Inilah mengapa sudut pandang yang realistis menjadi sangat penting. Seni tidak tumbuh dalam ruang hampa. Seni butuh ruang, alat, dan sistem. Salah satu contoh paling nyata ditulis Savitri dalam cerita tentang Wayan Gede Mancanegara, atau lebih dikenal dengan Yande. Pada 2018, ia menerima pesanan besar: 1.000 patung Garuda untuk suvenir acara IMF. Proyek ini awalnya ditujukan untuk ayahnya, tetapi Yande yang akhirnya mengambil alih.
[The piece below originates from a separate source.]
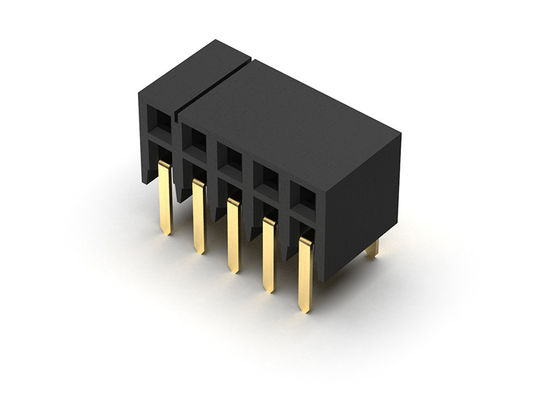 2.00mm PCBヘッダーのコネクター女性ヘッダーのコネクター2*2PINへの2*40PIN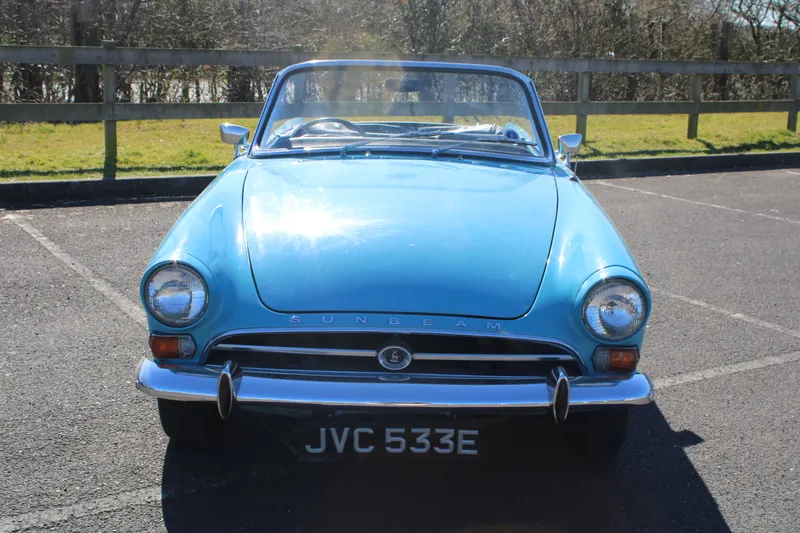 Sunbeam alpine peqzdyb hdrlznluw27fl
Ia harus mengatur puluhan pemahat, memilih bahan antara resin dan kayu, dan menjaga kualitas di tengah tuntutan produksi massal.

Proyek itu tidak hanya menghadirkan eksposur, tetapi juga membuka lapangan kerja, mendorong inovasi, dan membantu Yande mendirikan Ganesha Art Bali—bengkel seni yang masih aktif hingga kini dan turut berpartisipasi dalam Tegallalang Finesses. Kisah ini menunjukkan bahwa ketika dukungan yang tepat bertemu dengan bakat yang teruji, seni tidak hanya bertahan. Itu akan tumbuh.
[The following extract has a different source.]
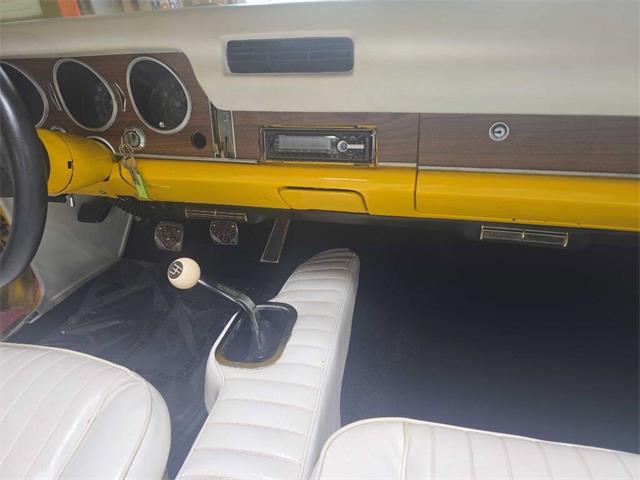 1968 Pontiac GTO (CC-2120143) for sale in Spirit Lake, Iowa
Kesimpulan Savitri pun tidak mengingkari hal ini: keberlanjutan secara ekonomi adalah bagian penting dari pelestarian seni. Romantisme semata tidak bisa membayar sewa studio. Dan meskipun wacana dan teori itu penting, kadang yang lebih mendesak untuk ditanyakan adalah: apakah senimannya masih bisa terus berkarya?
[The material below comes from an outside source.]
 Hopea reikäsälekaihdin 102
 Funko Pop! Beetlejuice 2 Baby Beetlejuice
Lalu, Mengapa Ini Penting?

Proyek ini penting karena memberi ruang kepada para seniman Tegallalang bukan hanya demi charity works atau nostalgia. Ini tentang meluruskan kembali narasi. Mereka bukan harta karun tersembunyi yang menunggu ditemukan. Mereka sudah lama ada—bekerja dalam diam, berkarya dalam ketekunan. RAD hanya membantu dengan memberikan wadah.

Mengakui peran pasar dalam keberlangsungan mereka bukan berarti menjual idealisme. Justru sebaliknya: ini adalah pengakuan terhadap apa yang dibutuhkan agar tradisi bisa tetap hidup, agar karya terus berlanjut, agar sistem yang belum hadir bisa perlahan dibangun. Di tengah dunia yang terus-menerus mengejar hal baru, barangkali yang kita perlukan adalah memelankan langkah sejenak. Untuk memperhatikan apa yang telah ada: yang bertahan, yang membumi, yang tetap lokal tanpa harus minta izin.

Dan mungkin, finesse tidak selalu datang dalam wujud kemewahan atau gengsi. Kadang hal itu muncul dalam bentuk yang paling tenang—ketekunan yang terus mengukir, melukis, dan mencipta, semata karena rasa cinta pada seni itu sendiri.